Pinecone serverless runs as a managed service on the AWS cloud platform, with support for GCP and Azure cloud platforms coming soon. Within a given cloud region, client requests go through an API gateway to either a control plane or data plane. All vector data is written to highly efficient, distributed blob storage.

API gateway

Requests to Pinecone serverless contain an API key assigned to a specific project. Each incoming request is load-balanced through an edge proxy to an authentication service that verifies that the API key is valid for the targeted project. If so, the proxy routes the request to either the control plane or the data plane, depending on the type of work to be performed.

Control plane

The control plane handles requests to manage organizational objects, such as projects, indexes, and API keys. The control plane uses a dedicated database as the source of truth about these objects. Other services, such as the authentication service, also cache control plane data locally for performance optimization.

Data plane

The data plane handles requests to write and read records in indexes. Indexes are partitioned into one or more logical namespaces, and all write and read requests are scoped by namespace.

Writes and reads follow separate paths, with compute resources auto-scaling independently based on demand. The separation of compute resources ensures that queries never impact write throughput and writes never impact query latency. The auto-scaling of compute resources, combined with highly efficient blob storage, reduces cost, as you pay only for what you use.

Blob storage

For each namespace in a serverless index, Pinecone clusters records that are likely to be queried together and identifies a centroid dense vector to represent each cluster. These clusters and centroids are stored as data files in distributed blob storage that provides virtually limitless data scalability and guaranteed high-availability.
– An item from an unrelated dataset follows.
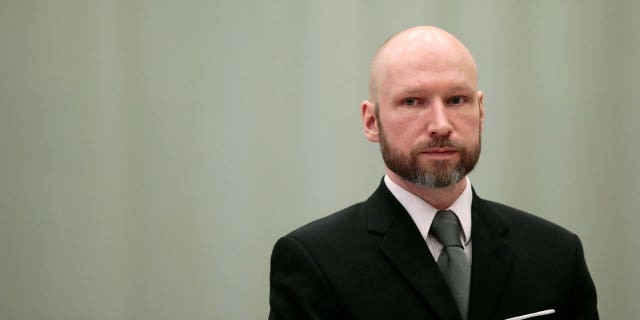Convicted mass murderer Anders Behring Breivik looks on during the last day of his appeal case in Borgarting Court of Appeal at Telemark prison in Skien, Norway on Jan. 18, 2017. 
Clustering is based on the dense vector values of records. There is no distinct clustering for sparse vector values. For more details, see Sparse vector considerations

Write path

When the data plane receives a request to add, update, or delete records in the namespace of an index, the following takes place:

Log writers

A writer commits the raw data to blob storage and records a log sequence number (LSN) for the commit in a write ahead log (WAL). LSNs are monotonically increasing and ensure both that operations are applied in the order that they are received and, if necessary, can be replayed in the order that they are received.

At this point, Pinecone returns a 200 OK response to the client, guaranteeing the durability of the write, and two processes begin in parallel: The index is rebuilt and the records are added to a separate freshness layer.

Index builder

The index builder takes the raw data from blob storage, identifies the relevant clusters based on cluster centroids, and then writes the changes to the cluster data files in blob storage. It takes around 10 minutes for the changes to be visible to queries.

Freshness layer

Parallel to index building, the write is sent to the freshness layer. The freshness layer ensures that data that hasn’t yet been clustered by the index builder is available to be searched in seconds rather than minutes. It adds newly added vectors to an in-memory index that is periodically flushed based on the index builder progress.
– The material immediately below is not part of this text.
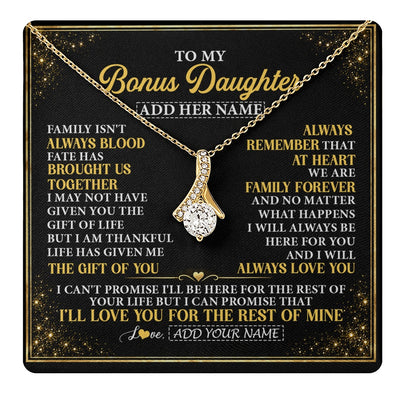 Alluring Beauty Necklace 18K Yellow Gold Finish | 1 | Personalized To My Bonus Daughter Gifts From Mom Dad Family Forever Neclace For Step Daughter Birthday Gifts Christmas Customized Gift Box Message Card | https://teecentury.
The freshness layer can hold up to 2 million records in memory for each namespace in an index. In cases where more than 2 million records are upserted into a namespace, during the time it takes for the index builder to apply the changes, clients see the last state of the namespace plus the 2 million records in the freshness layer.

Read path

When the data plane receives a query to search records in the namespace of an index, the following takes place:

Query planners

A query planner identifies the most relevant clusters to search and sends a logical query plan to a sharded backend of stateless query executors that dynamically auto-scale based on system load.
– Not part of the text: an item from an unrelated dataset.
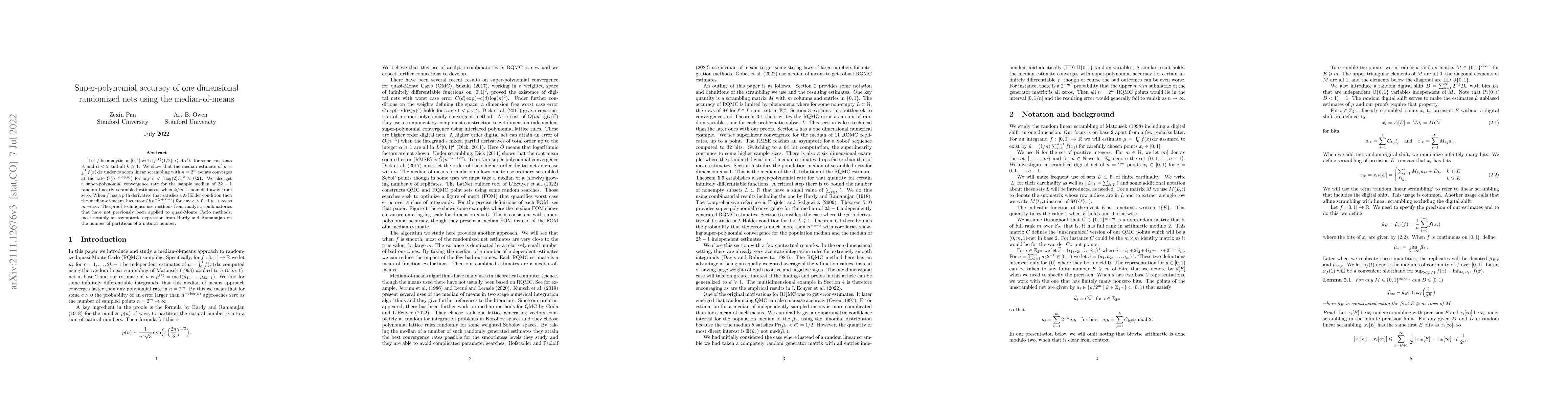 Thumbnail for Super-polynomial accuracy of one dimensional randomized nets using the
  median-of-means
The query planner chooses clusters based on the similarity of their centroid vectors to the dense vector value in the query. If the query includes a metadata filter, the query planner first uses internal metadata statistics to exclude clusters that do not have records matching the filter and then chooses clusters based on the similarity of their centroid vector to the dense vector value in the query.

Query executors

Query executors run the logical query plan. Whenever possible, the plan is run against a local cache of the chosen cluster data files. Otherwise, the executors fetch the chosen cluster data files from blob storage, run the query against the files, and cache the cluster files locally for future queries.

Query executors rank records based on the similarity of their dense vector value to the dense vector value in the query and then choose the top_k records. If the query includes a metadata filter, records that don’t match the filter are excluded before records are ranked. If the query includes a sparse vector value (i.e., hybrid search), the sparse value is considered when ranking records.

In parallel, records in the freshness layer are ranked based on the similarity of their dense vector value to the dense vector value in the query and the top_k records are chosen.

The top_k records from the cluster data files and from the freshness layer are then merged and deduplicated, and final results are returned to the client.